Le chat-pitre-6, ou l’arrivée en terre inconnue

           Bonsoir à vous petits chats du net qui lisez mes petites chroniques dominicales depuis la France et d’autres contrées exotiques, de Madagascar à Dunkerque. La semaine dernière, j’ai osé vous confier un secret des plus étonnifiants pour ceux qui pensaient honteusement me connaître comme leur poche.
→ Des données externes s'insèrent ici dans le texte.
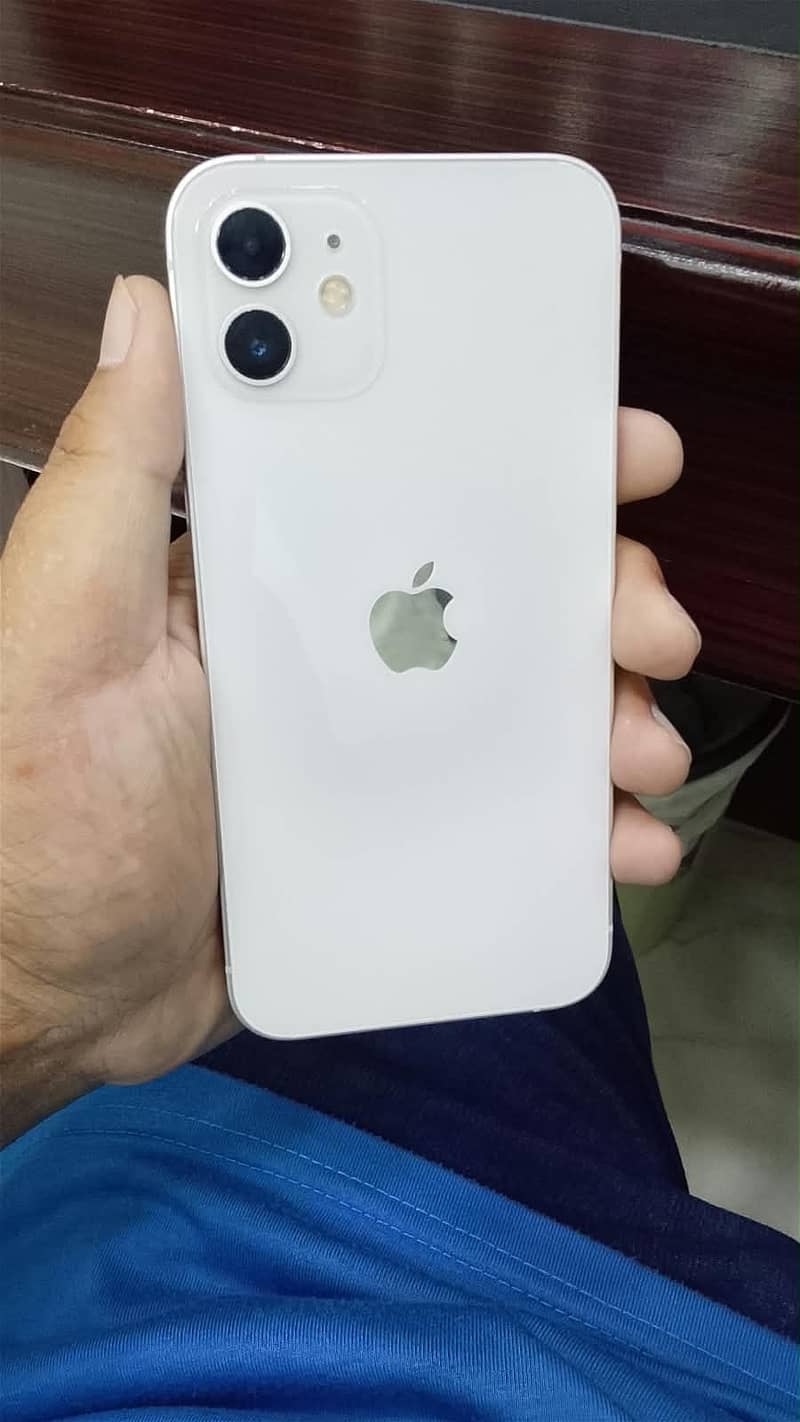 Apple iPhone 12 4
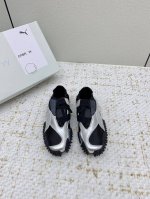 出厂 高版本 彪马 Puma 的最新联名 25Vs春夏爆款系列 拼色休闲芭蕾舞鞋 这双Puma Mostro Power & Grace，简直是春日穿搭的“氛围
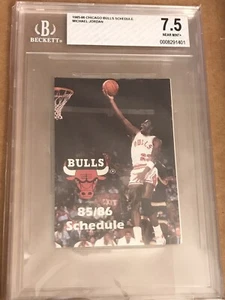 1985-86 Chicago Bulls Pocket Schedule Michael Jordan Rookie Cover Photo BGS 7.5 - Picture 1 of 3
En même temps, qui peut se targuer de vraiment connaître l’intérieur de sa poche ? On a beau pouvoir énumérer chaque liseré de chaque couture,  on n’est jamais à l’abri d’y découvrir un jour au détour d’une expédition expéditrice des débris d’un vieux mouchoir oublié depuis une grippe de 1997 ou les miettes d’un vieux pépito écrabouillé gardé précieusement en cas de disette mais jamais entamé car ladite disette ne vint guère. Fins limiers de la pochette, passez votre chemin si vous espérez percer un peu plus ce mystère qui me halote autour car aujourd’hui, je m’attaque à ces doux instants de doute intense lorsque, après des heures de vol approximatives entre sommeil éveillé et éveil somnolent, nous posons nos frêles petons sur des sols que nous n’avons jamais foulés.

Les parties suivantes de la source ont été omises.